Task objective: Below is a listing. Return the lines from the one that contains "Light gray sweatshirt" to the one that contains "um quarto de", both ends included, verbatim and with no pictures.

──────── Records for this exercise

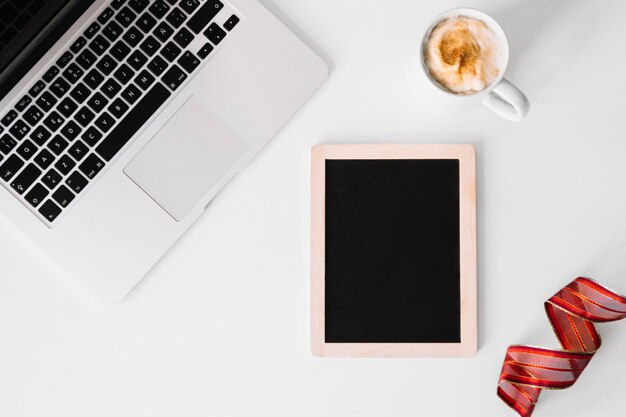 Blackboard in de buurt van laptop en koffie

────────────────
──────── Records for this exercise

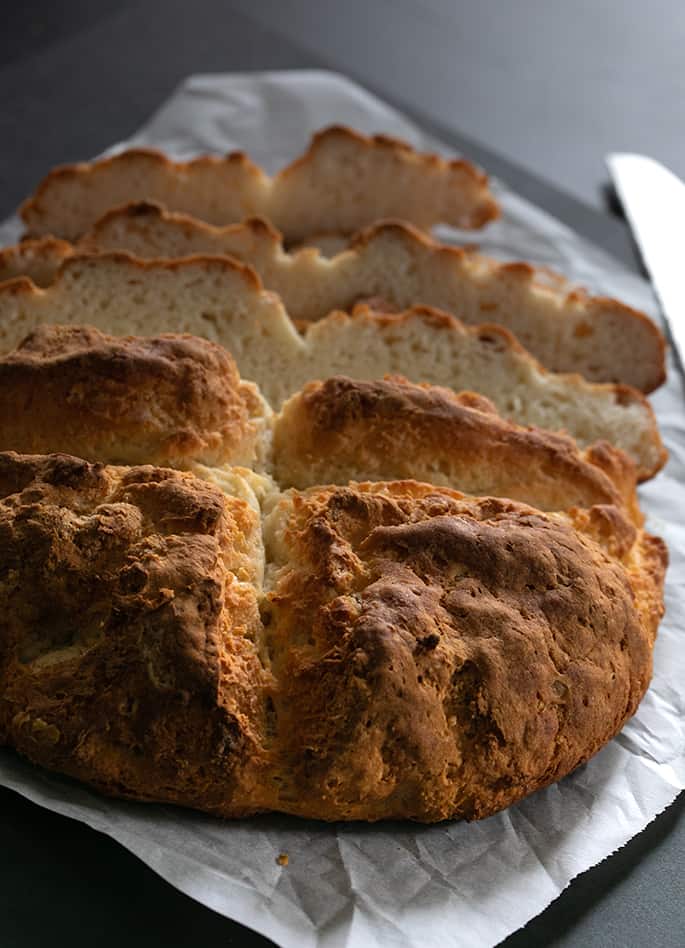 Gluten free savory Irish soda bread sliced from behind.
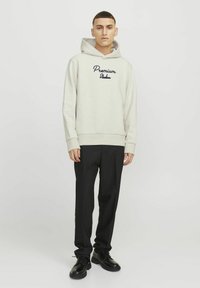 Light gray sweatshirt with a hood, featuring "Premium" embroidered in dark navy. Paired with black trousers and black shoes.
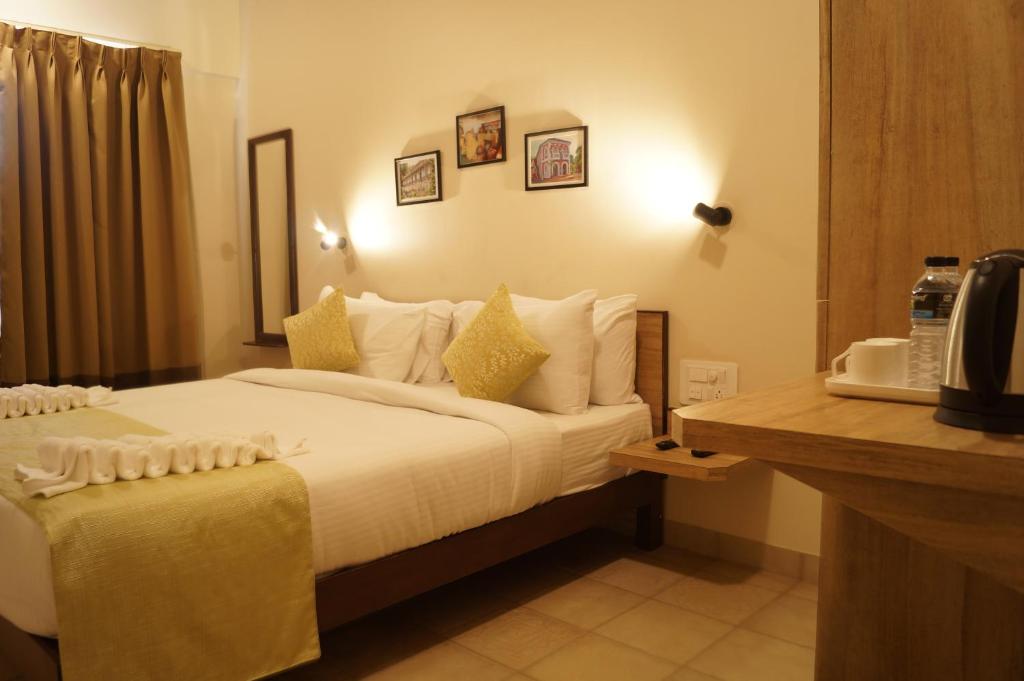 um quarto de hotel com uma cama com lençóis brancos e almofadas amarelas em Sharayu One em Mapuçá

────────────────

Your solution:
 Light gray sweatshirt with a hood, featuring "Premium" embroidered in dark navy. Paired with black trousers and black shoes.
 um quarto de hotel com uma cama com lençóis brancos e almofadas amarelas em Sharayu One em Mapuçá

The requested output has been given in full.